Why does the BBC need to lie about Britain’s history?
Indian nationalist fantasies about the Bengal famine can’t be the point of the licence fee
In history there are facts. Sometimes disputed but always seen through the lens of subjective interpretation and focus. Countless facts – some brighter, some darker – together make a bewildering display. The job for historians is to make some sense of these points of light, reveal their patterns and truths. The power to interpret history is awesome and one that should always be tempered by scrutiny. The problem is most acute when it comes to national stories and foundation myths. When they’re crudely amplified by the most powerful megaphone in the land today – the BBC in our case – they can be extremely troubling.

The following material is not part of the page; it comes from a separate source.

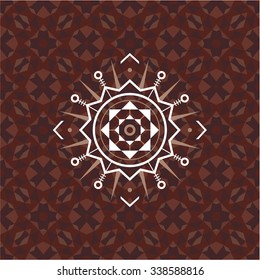 Sacred geometry logo sign. Abstract vector pattern. Mystic badge. Mandala illustration. Magic ornament. Design element.
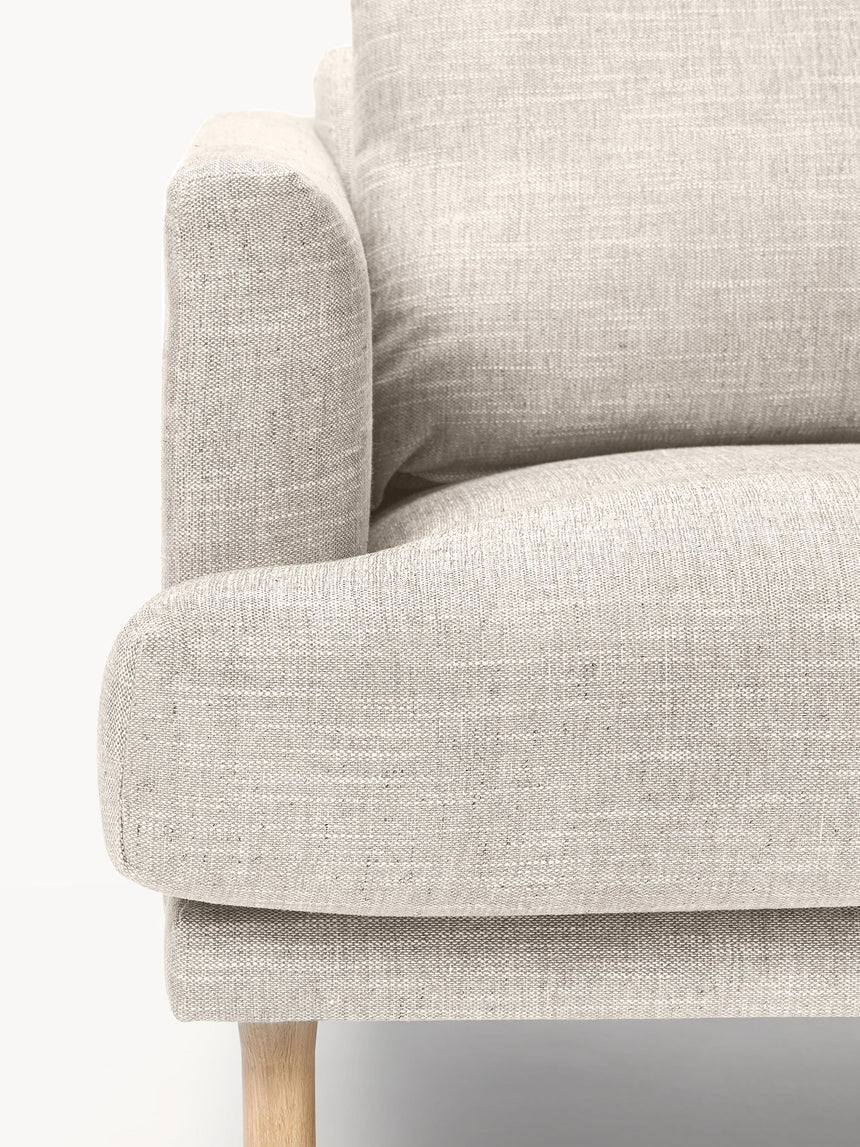 Trilye Tekli Koltuk Açık Bej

When they’re crudely amplified by the most powerful megaphone in the land today – the BBC in our case – they can be extremely troubling
Most nations have a strong unifying view of themselves that is deeply held and taught in schools. For Britain this raises two very particular problems. First, and in part a legacy of just how advanced we were, Britain’s own view of itself was widely questioned and deconstructed over the course of the 20th century. As Orwell noted, our intellectuals got to this conceited stage of pantomime self-hate long before anyone else’s, even the French’s, never mind the American’s. Second, much of the rest of the world has constructed their own unifying foundation myths with Britain often playing the stage villain. This is quite the combination of intellectual circumstances.
Like astrologers looking up into the sky and joining dots of light to see lions and scorpions, historians in the United States, Ireland and countless other places can join their chosen dots and paint a picture of national struggle leading to independence. Constellations of British vice. Constellations of British virtue are also visible but ignored abroad almost as much as they are here.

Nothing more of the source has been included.